Loading more records than actual in HIve

2019-05-31 23:31发布

问题:

While inserting from Hive table to HIve table, It is loading more records that actual records. Can anyone help in this weird behaviour of Hive ?

My query would be looking like this:

insert overwrite table_a
    select col1,col2,col3,... from table_b;

My table_b consists of 6405465 records.

After inserting from table_b to table_a, i found total records in table_a are 6406565.

Can any one please help here ?

回答1:

If hive.compute.query.using.stats=true; then optimizer is using statistics for query calculation instead of querying table data.

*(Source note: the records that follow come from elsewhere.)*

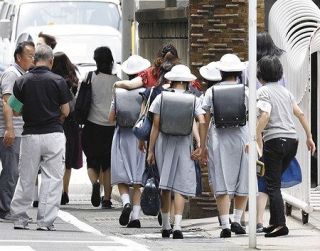 川崎殺傷　見守り「地域の力」不可欠　学校での警備限界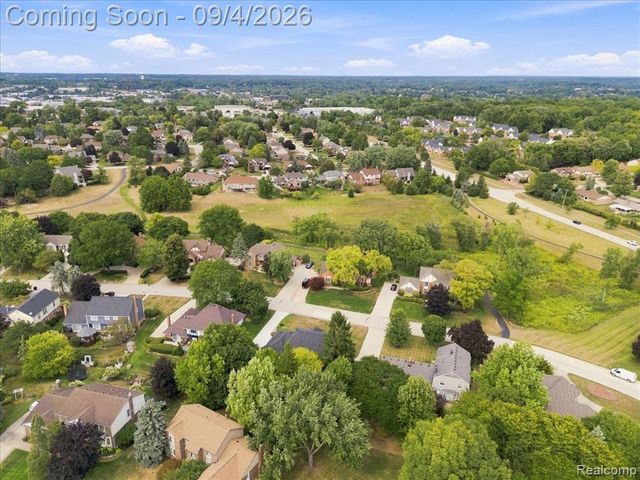 22555 Shadowglen Drive, Farmington Hills, MI 48335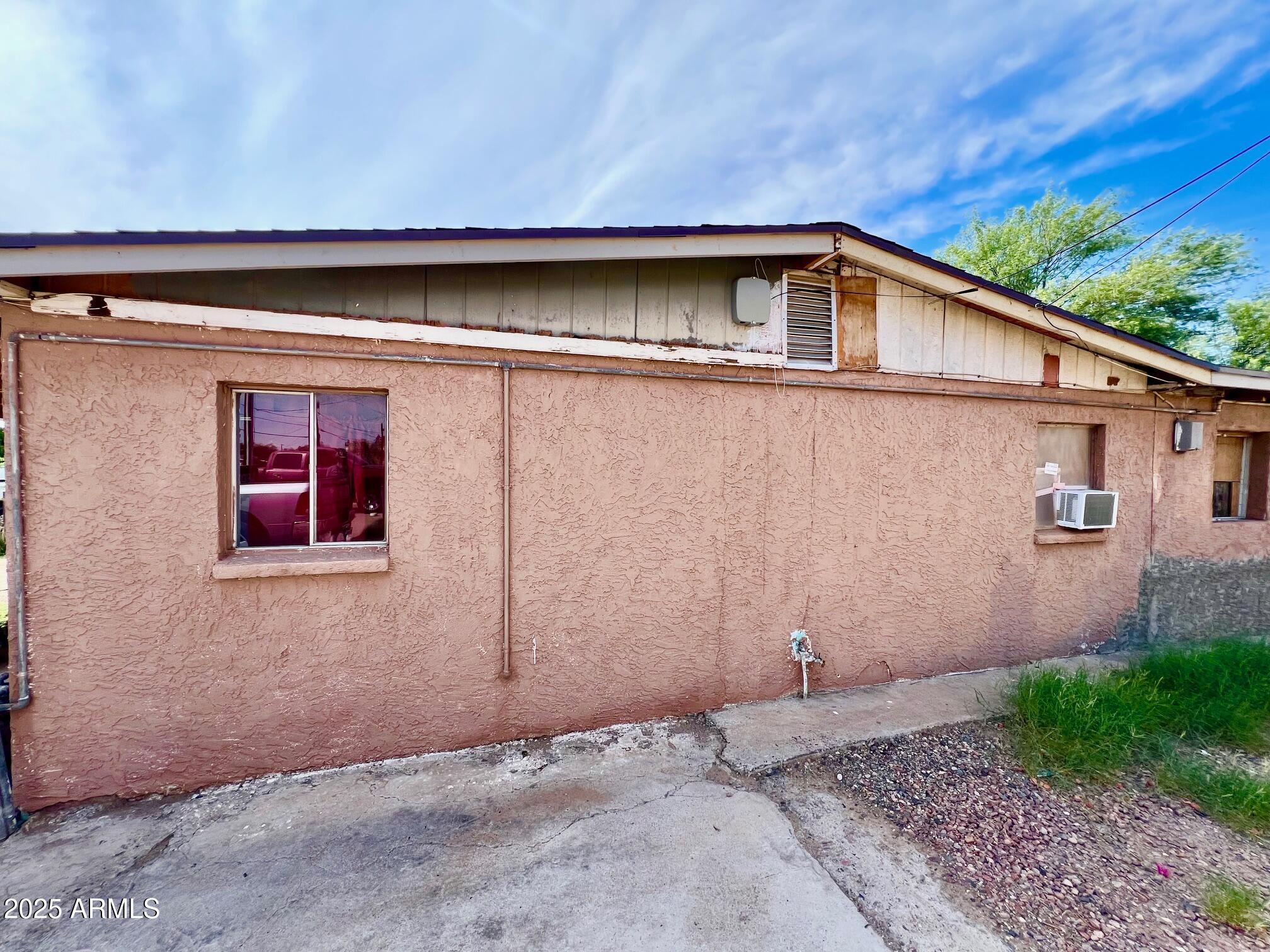 2002 W LAWRENCE Road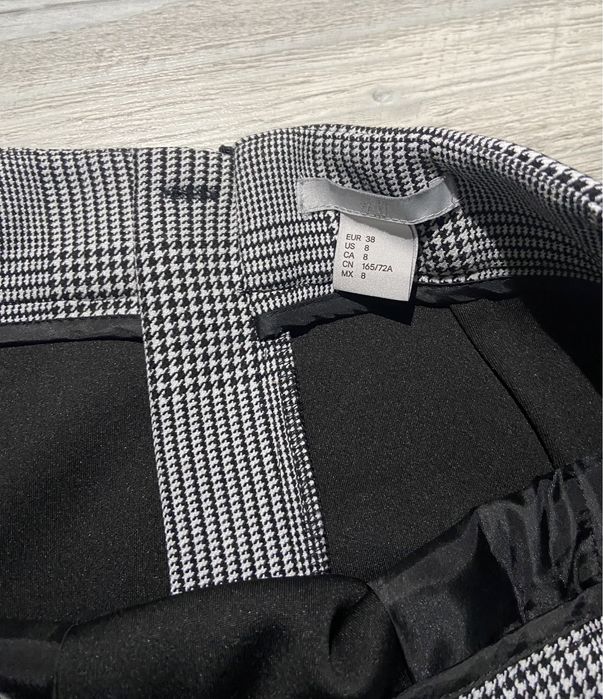 Fustă conică, achizionată din H&M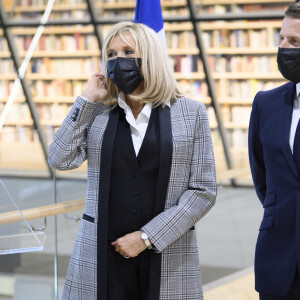 Le président français Emmanuel Macron, sa femme Brigitte Macron, le président letton Egils Levits et sa femme Andra Levite lors de leur visite à la bibliothèque de Riga le 30 septembre 2020 dans le cadre de la visite officielle de Macron en Lettonie et dans la région baltique. © Eliot Blondet / Pool / Bestimage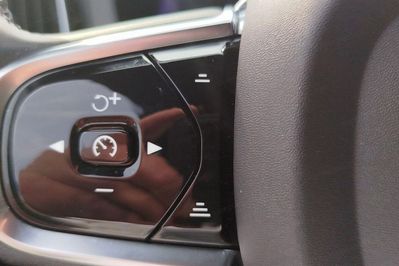 Volvo XC60 B4 B Plus Dark aut
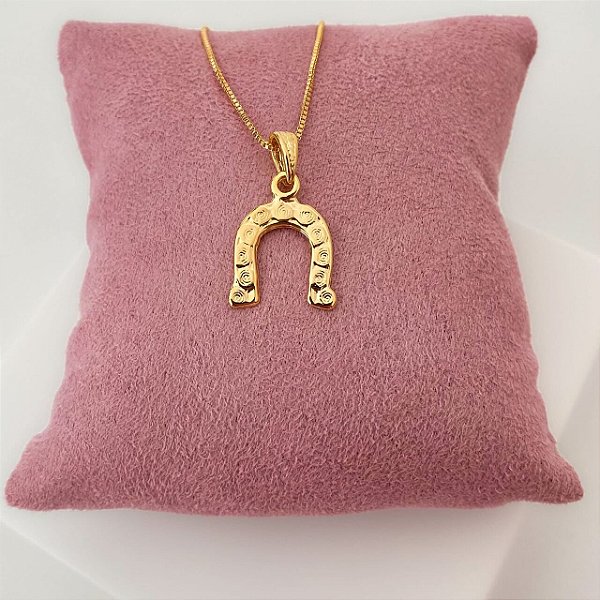Colar Feminino Ferradura com Detalhes Banhado a Ouro 18K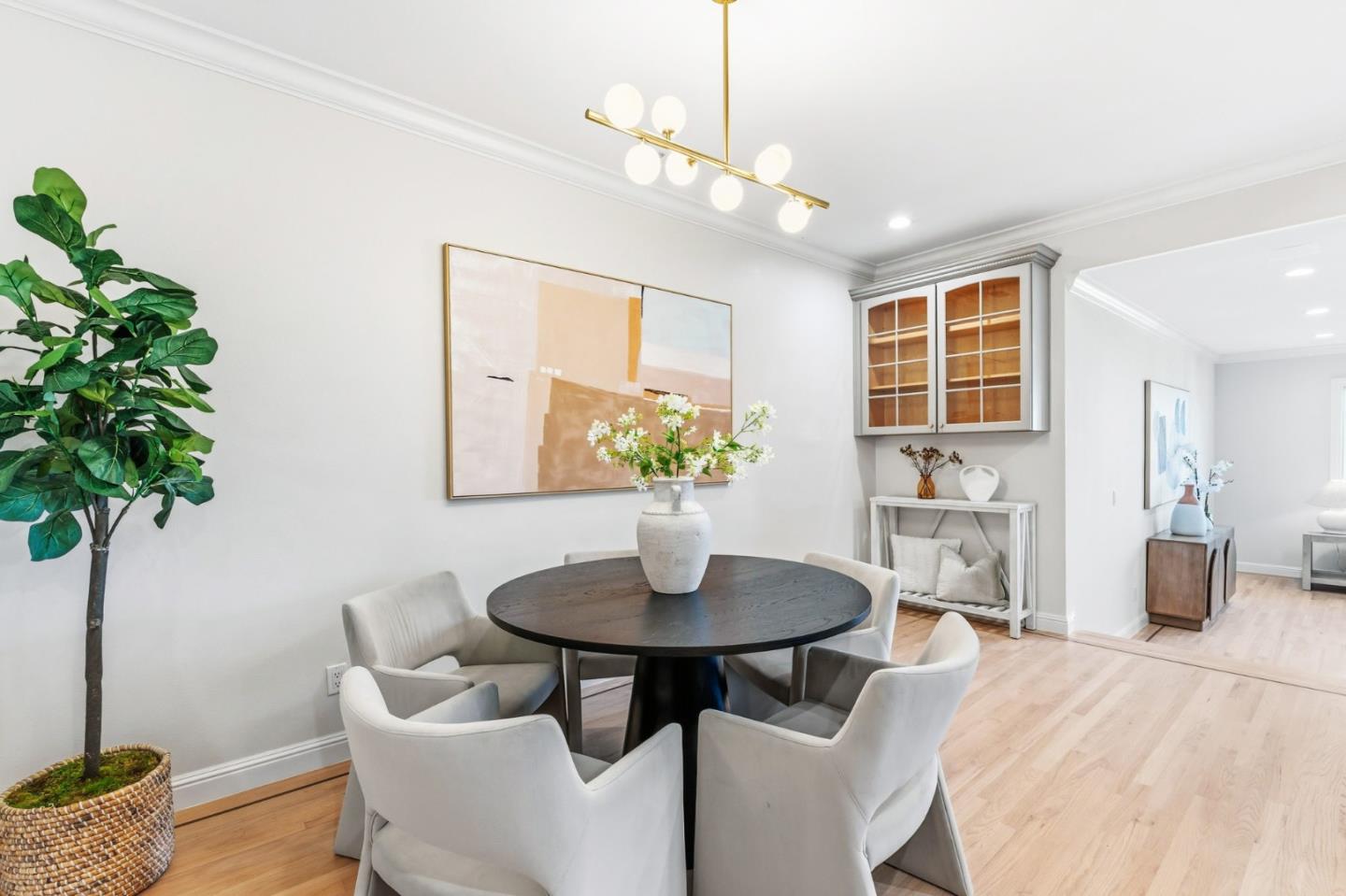 Detail Gallery Image 25 of 72 For 1466 Alvarado Ave, Burlingame,  CA 94010 - 3 Beds | 2/1 Baths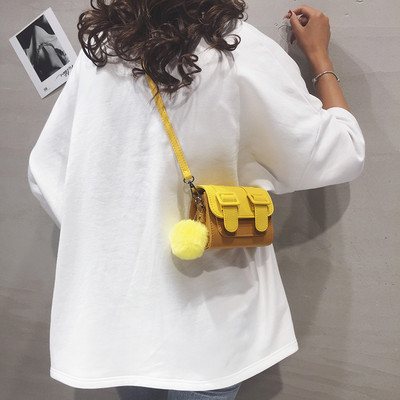 Új modell bőrtáska nőknek vállfogantyúval - két méretben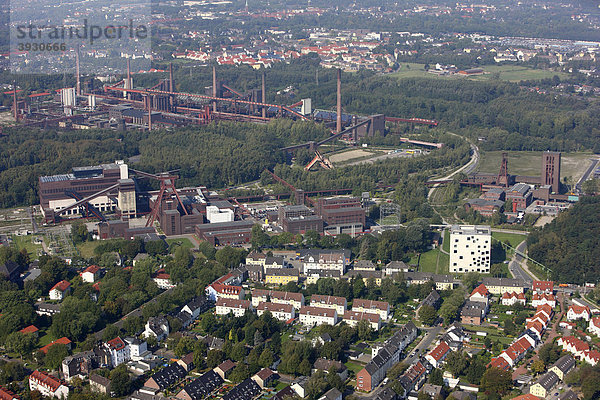 Zeche Zollverein  UNESCO Weltkulturerbe  dahinter Kokerei Zollverein  Essen  Nordrhein-Westfalen  Deutschland  Europa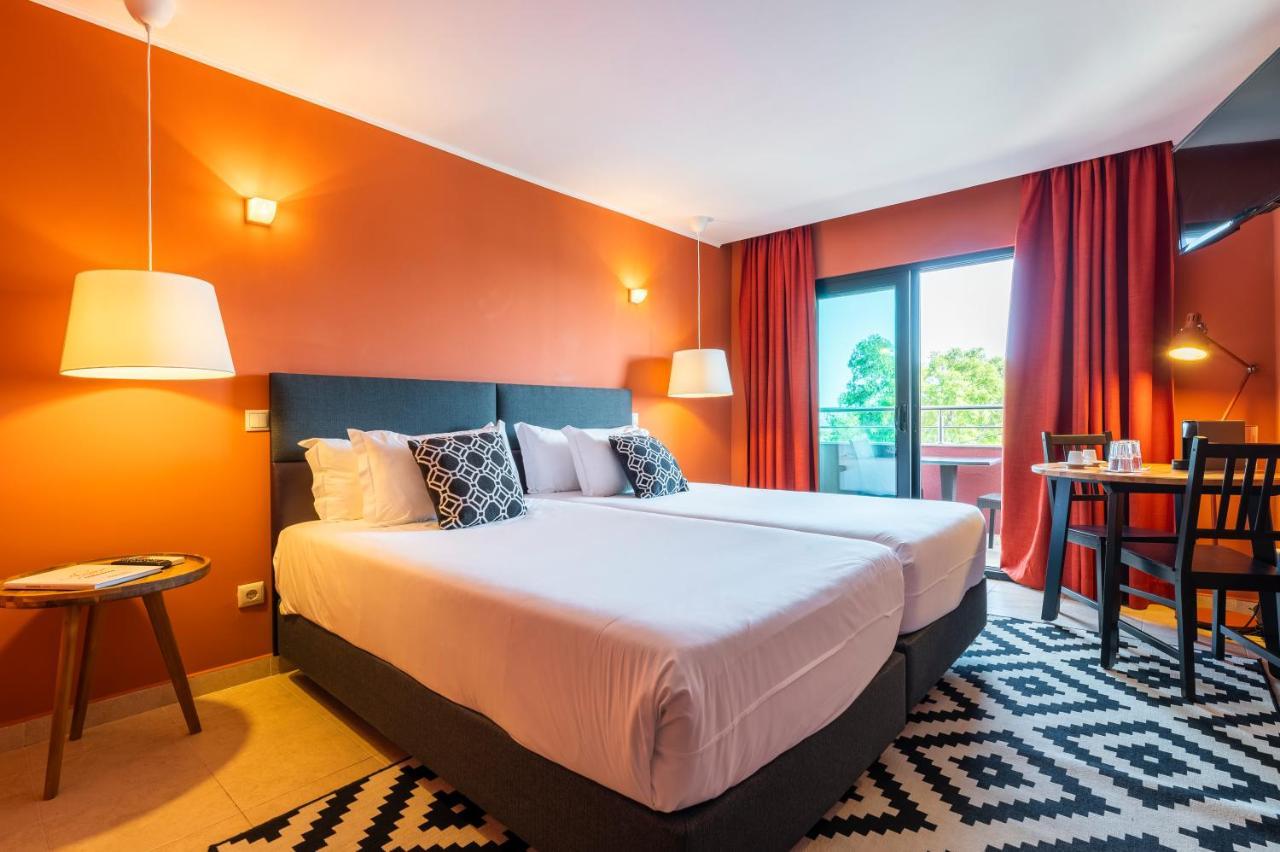 Topazio Vibe Beach Hotel & Apartments - Adults Friendly Albufeira Bagian luar foto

This is much faster because metastore is a fast database like MySQL and does not require map-reduce. But statistics can be not fresh (stale) if the table was loaded not using INSERT OVERWRITE or configuration parameter hive.stats.autogather responsible for statistics auto gathering was set to false. Also statistics will be not fresh after loading files or after using third-party tools. It's because files was never analyzed, statistics in metastore is not fresh, if you have put new files, nobody knows about how the data was changed. Also after sqoop loading, etc. So, it's a good practice to gather statistics for table or partition after loading using 'ANALYZE TABLE ... COMPUTE STATISTICS'.

In case it's impossible to gather statistics automatically (works for INSERT OVERWRITE) or by running ANALYZE statement then better to switch off hive.compute.query.using.stats parameter. Hive will query data instead of using statistics.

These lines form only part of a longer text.